Advertisement

The Beauty Broker : Nina Blanchard Has Run a Los Angeles Model Agency for 25 Years. It’s Not Always a Pretty Business.

Share
Lynne Olson is a Los Angeles writer.

The new model is young, beautiful, and right now very, very nervous. She crouches by the side of the desk as the woman behind it peers through a magnifying glass and scans a batch of slides.

“These won’t do,” Nina Blanchard says brusquely. “There are a lot of old-fashioned modeling poses here. Look, your neck is too stiff. You have to pull it out of your shoulders--like this.” Blanchard demonstrates, dropping her shoulders and stretching her neck.

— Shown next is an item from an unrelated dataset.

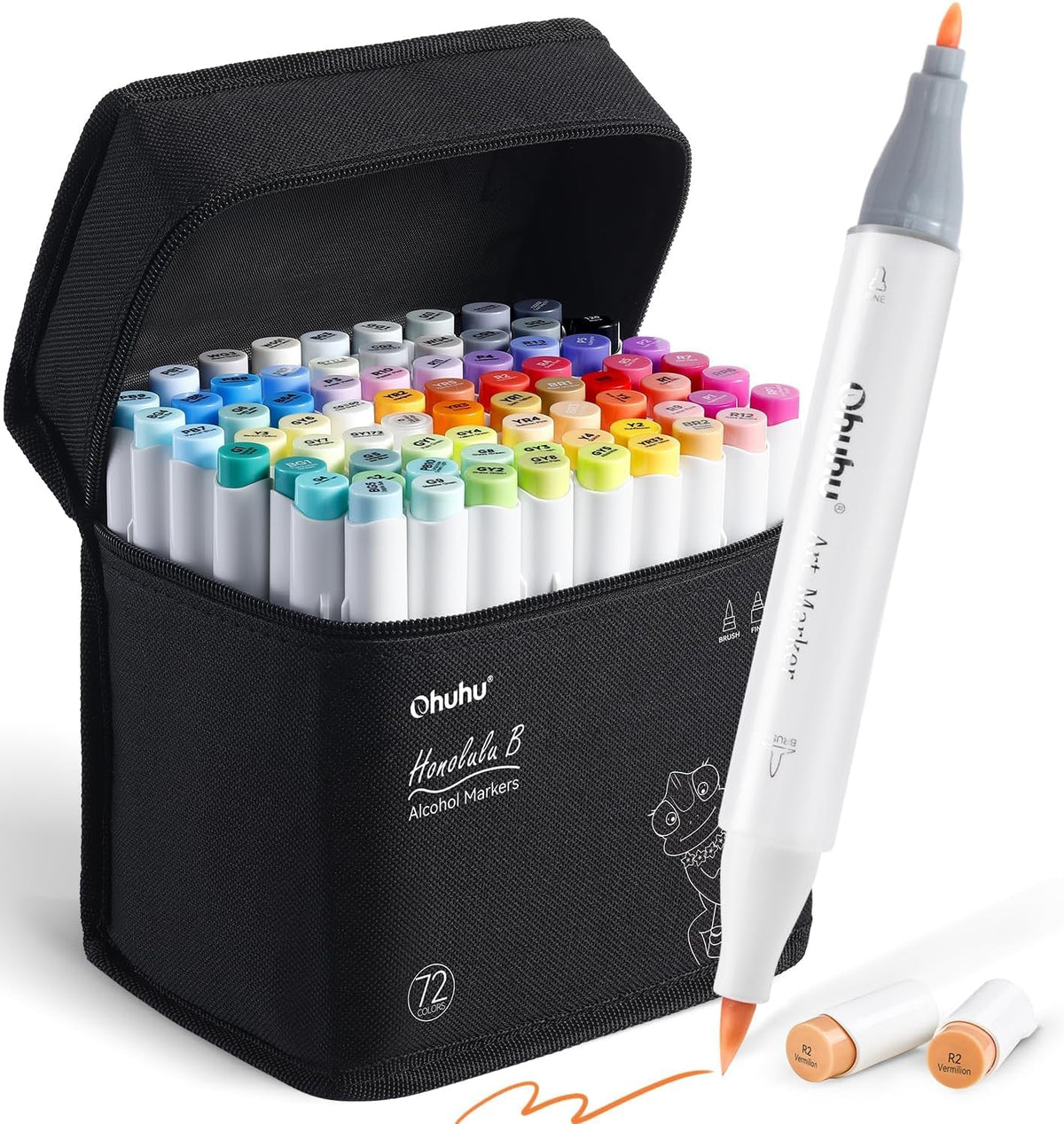 Ohuhu Honolulu B Series Alcohol Markers – Brush & Fine Tip Dual-End Art Marker Set for Artists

The model, elegant in a white silk pantsuit, swallows hard and nods. She has just signed with Blanchard’s talent and modeling agency, perhaps the best-known and richest of its kind outside of New York City. As a Blanchard model, she has already accomplished what most would-be cover girls only dream about. But it’s just the beginning. Before she can be sent out on an assignment, she must acquire an impressive portfolio so that photographers and advertisers can see her ability and potential. That can take months.

Advertisement

“Can’t any of them be saved?” the model asks softly. Blanchard looks at the slides again. “Well, maybe this one. And this one. Perhaps this one. But none of the others.” Crestfallen, the model gathers up the slides and slips them back into her large leather case.

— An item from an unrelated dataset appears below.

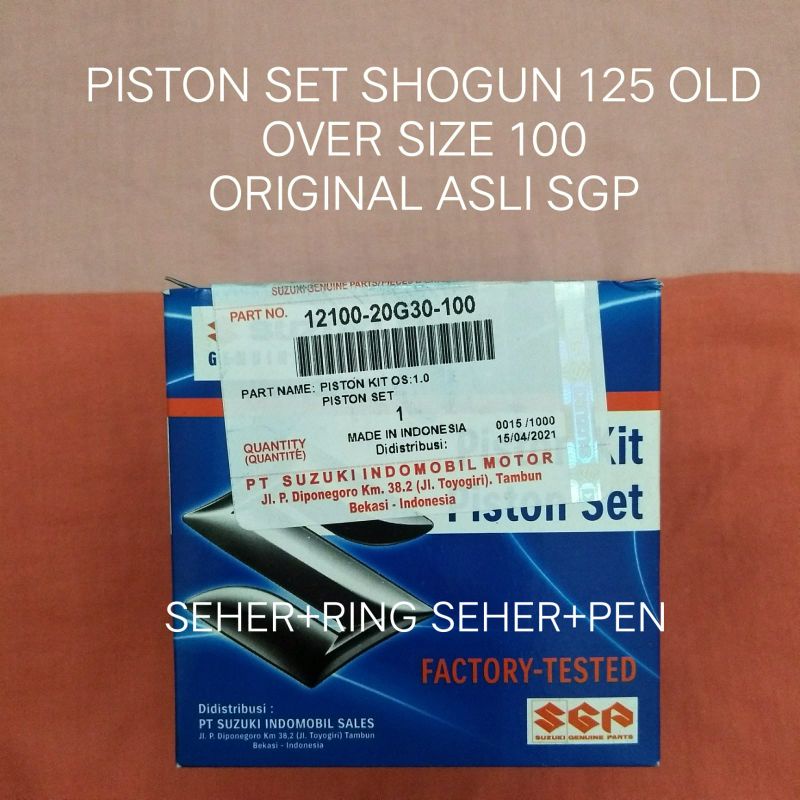 PISTON SET SHOGUN 125 SEHER SHOGUN125 RING PISTON SHOGUN125 RING SEHER SHOGUN125 ORIGINAL SUZUKI ASL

“You’ve got to relax, dear,” Blanchard tells her. “Keep working at it. It will come.”

The model departs. Blanchard leaves her desk to wander around her large office, the cream-colored walls of which are decorated with framed magazine covers featuring past and present talent such as Cheryl Tiegs, Shari Belafonte-Harper, Cristina Ferrare and Catherine Oxenberg. Blanchard herself is trim, 50ish, with reddish-gold hair, in a dark-green cashmere sweater and matching skirt. She confers briefly with a couple of her young bookers, who are responsible for arranging interviews and jobs for the 128 women and 81 men on the Blanchard roster.

Blanchard and her six bookers all work in one room. The telephone rings every few seconds. Usually, it’s a model checking in for assignments, or photographers and advertisers requesting a certain model for a job, or young aspirants asking how they can become a Blanchard model.

For Nina Blanchard, one of Los Angeles’ modern pioneer businesswomen, life would appear to be sweet indeed. This month, she and 79 other women entrepreneurs from across the country will be honored by President Reagan at a White House luncheon.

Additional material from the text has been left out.